-- Opening Marker --

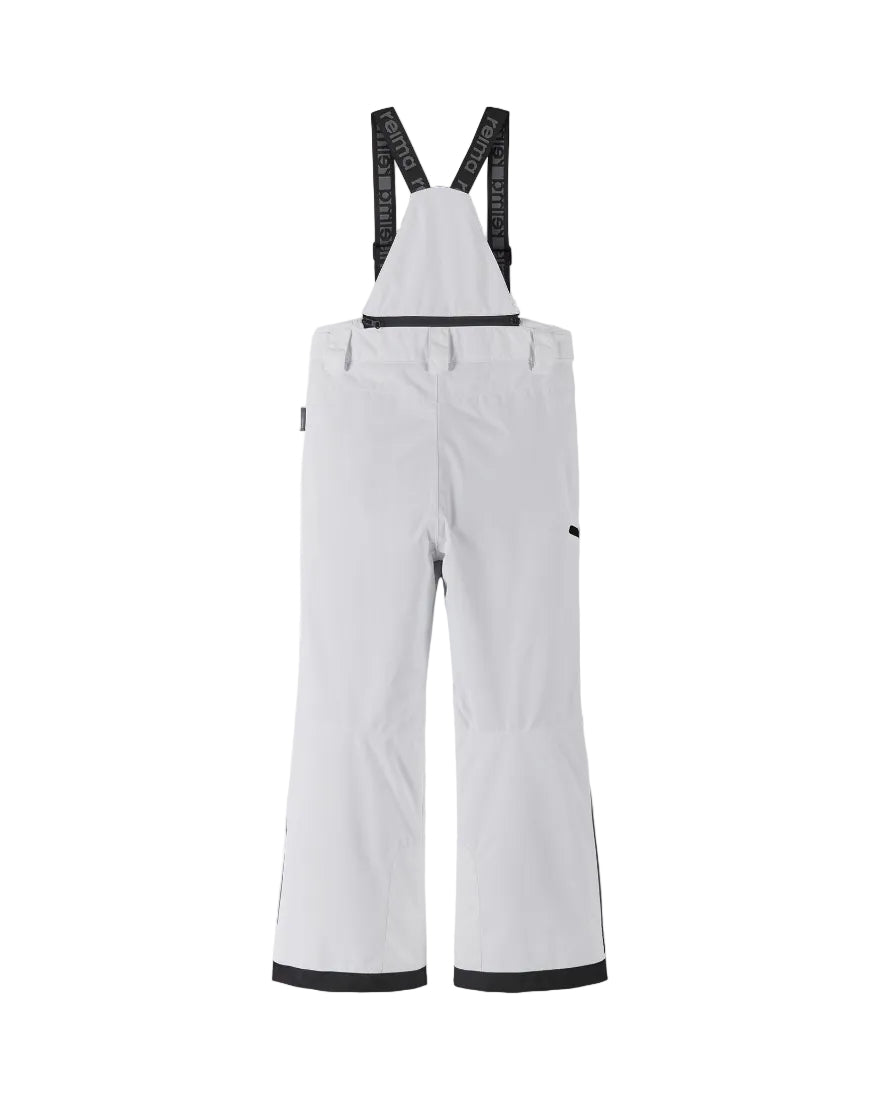 Rear view of white Reima Jr Terrie Pants featuring a waterproof Reimatec shell, detachable elastic suspenders, reinforced ankle scuff guards, and internal snow gaiters.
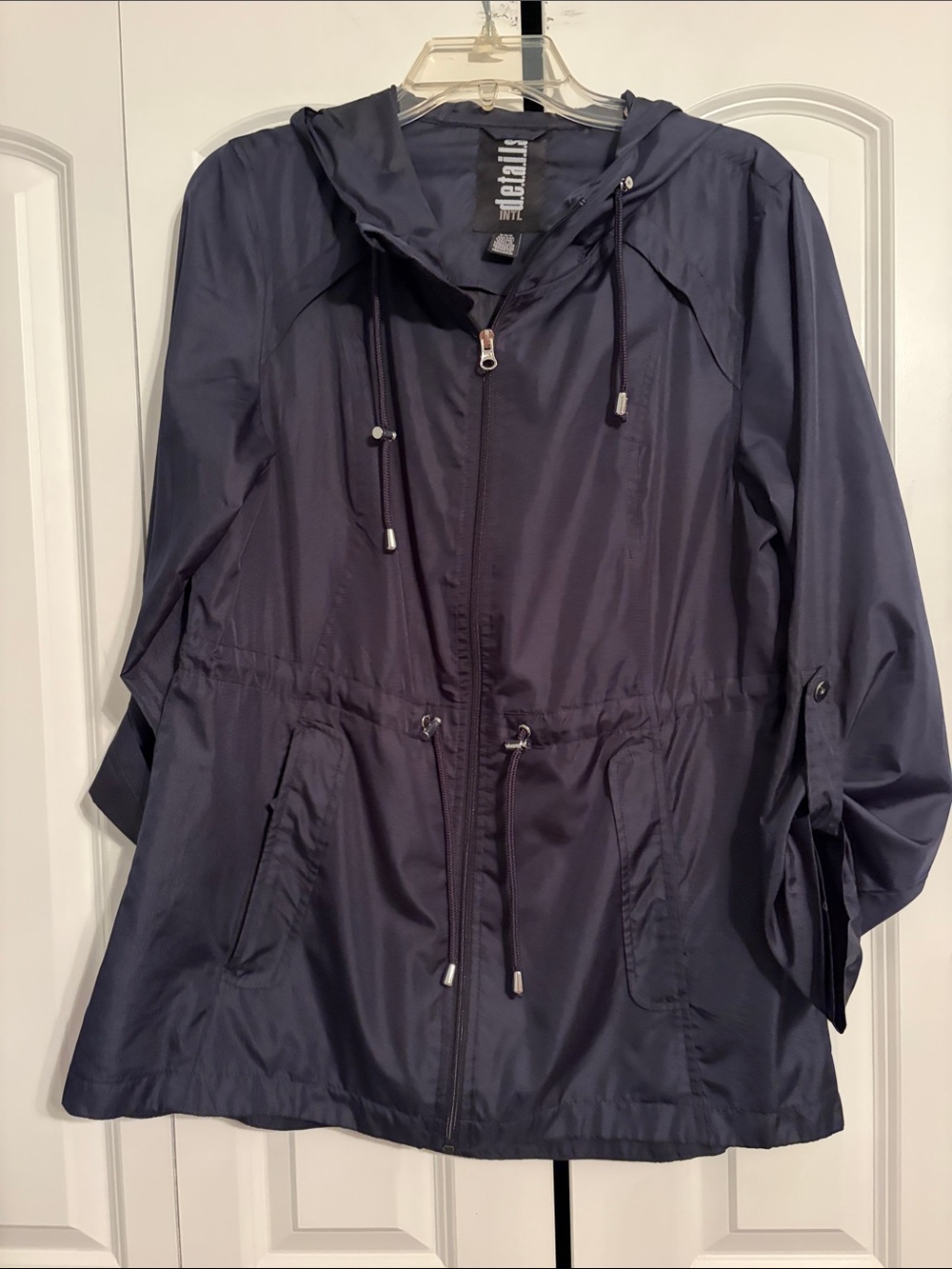 INTL details Navy Hooded Utility rainJacket
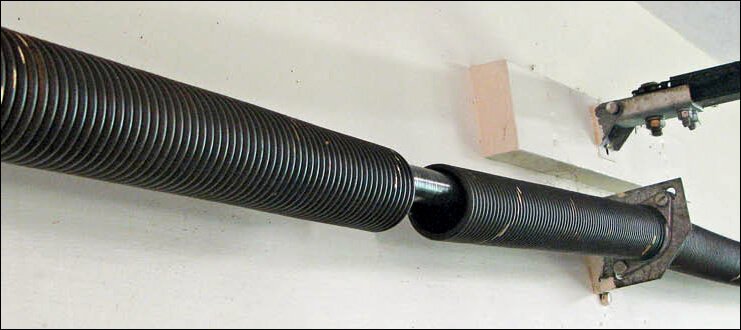A close-up of a broken garage door torsion spring needing repair from Tulsa Garage Door Doctor LLC in Tulsa, OK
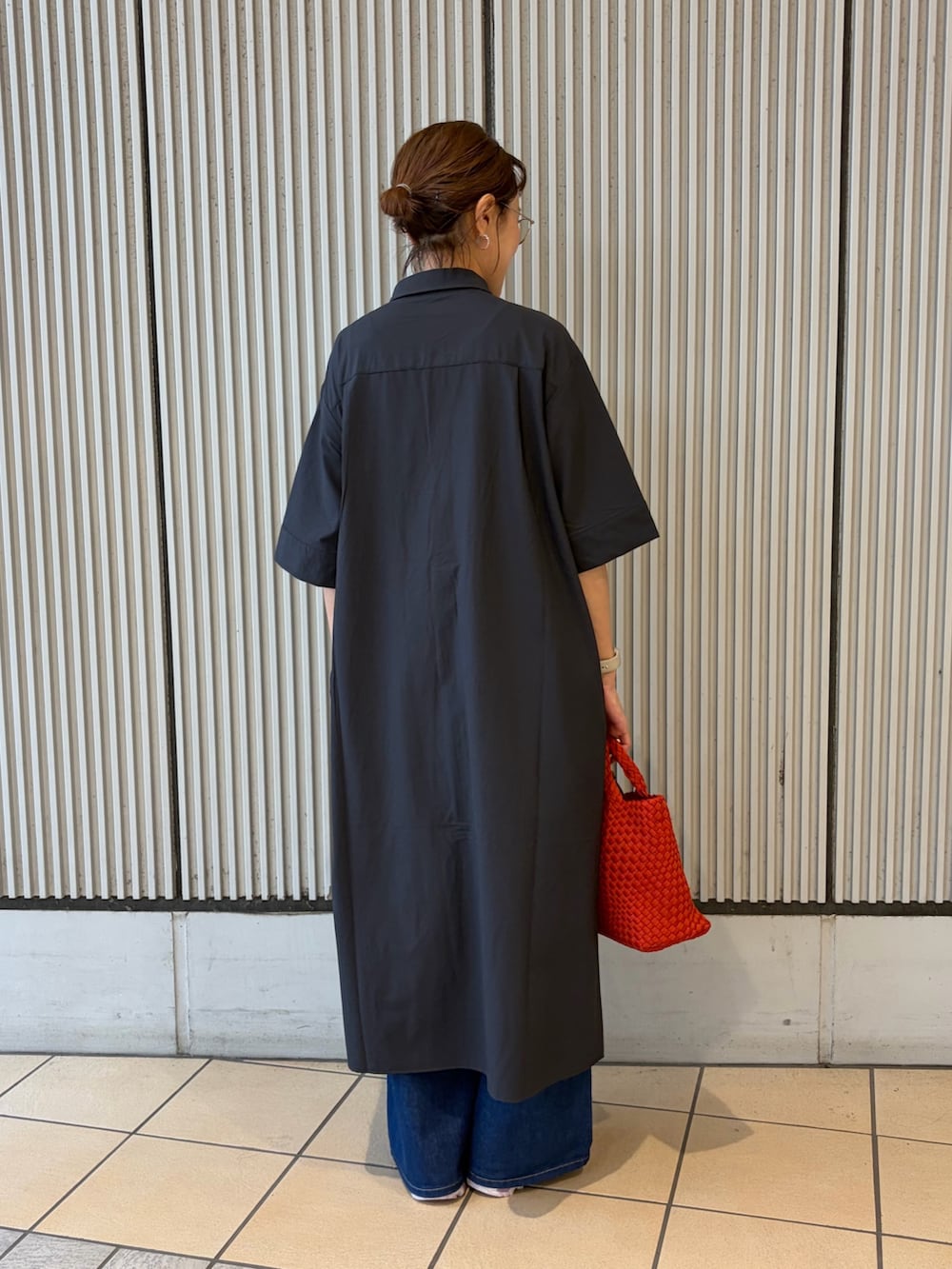 ブルー系のワンピース、ピンク系のスニーカー、レッド系のハンドバッグを着用したレディースの夏コーディネートの3枚目の写真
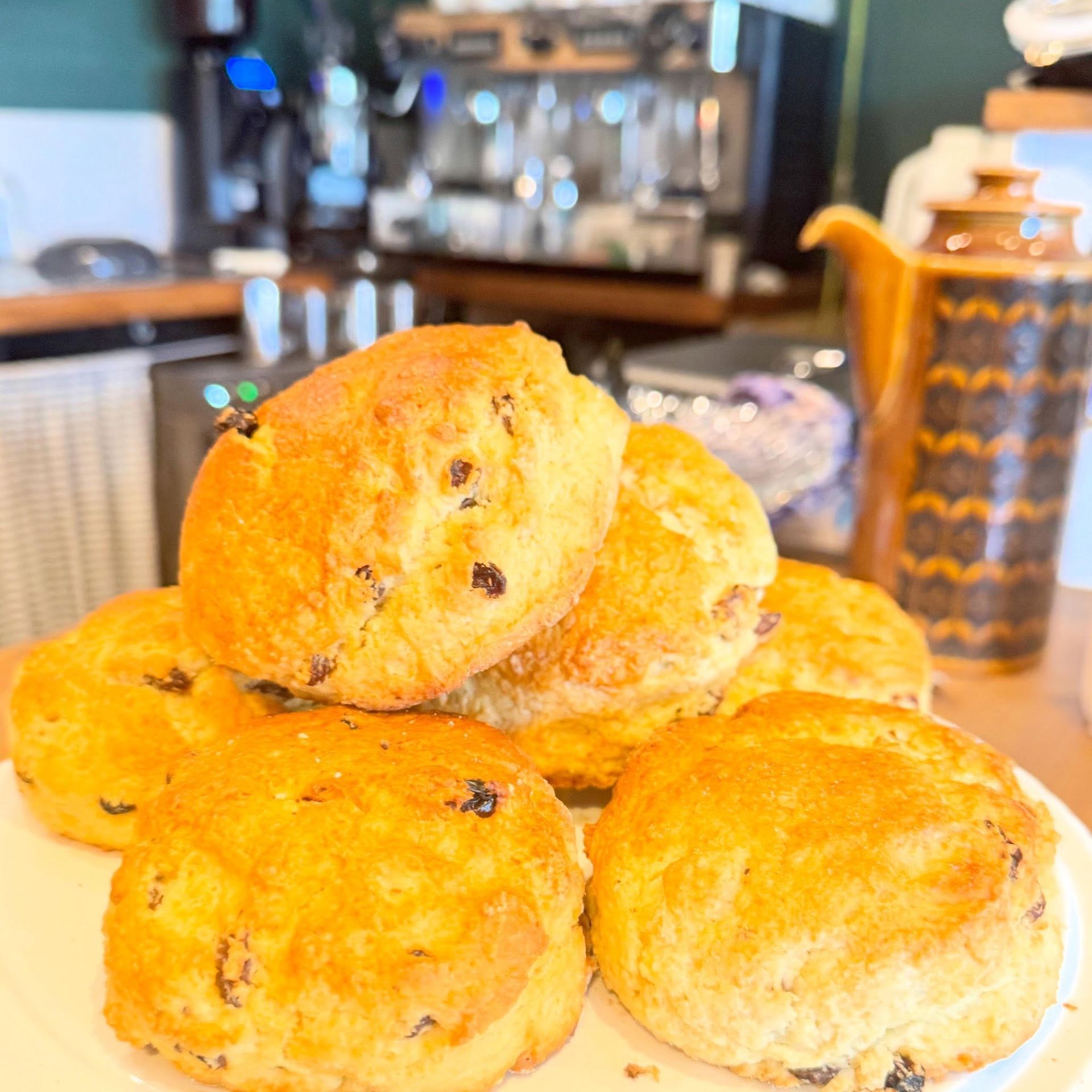 Stack of golden scones on a kitchen counter with a coffee machine blurred in the background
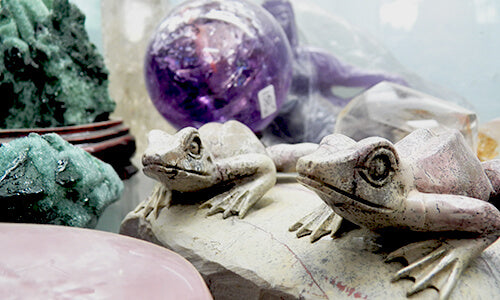 Carved stone twin frogs with amethyst sphere and green minerals in background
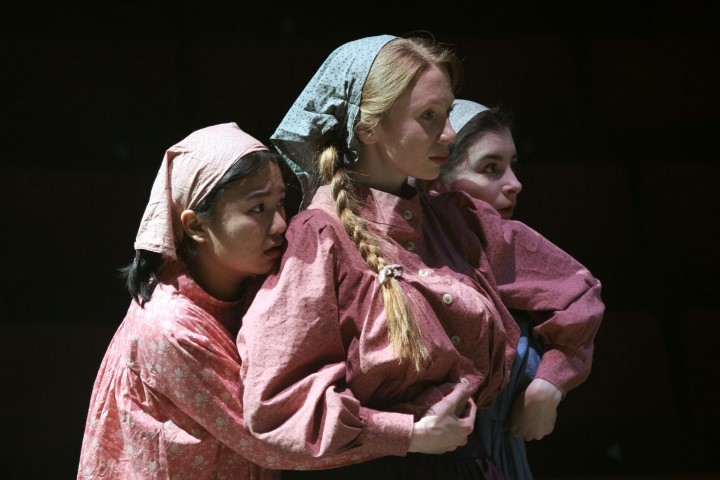 Nadia Mohamad Noor, Emily Hughes & Ellie Turner in Fiddler on the Roof. Photograph by Stephen Vaughan.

-- Closing Marker --

The copy should begin at the line containing "INTL details Navy Hooded Utility rainJacket" and end at the last line of the data above; please restate those lines word for word without the pictures.

 INTL details Navy Hooded Utility rainJacket
A close-up of a broken garage door torsion spring needing repair from Tulsa Garage Door Doctor LLC in Tulsa, OK
 ブルー系のワンピース、ピンク系のスニーカー、レッド系のハンドバッグを着用したレディースの夏コーディネートの3枚目の写真
 Stack of golden scones on a kitchen counter with a coffee machine blurred in the background
 Carved stone twin frogs with amethyst sphere and green minerals in background
 Nadia Mohamad Noor, Emily Hughes & Ellie Turner in Fiddler on the Roof. Photograph by Stephen Vaughan.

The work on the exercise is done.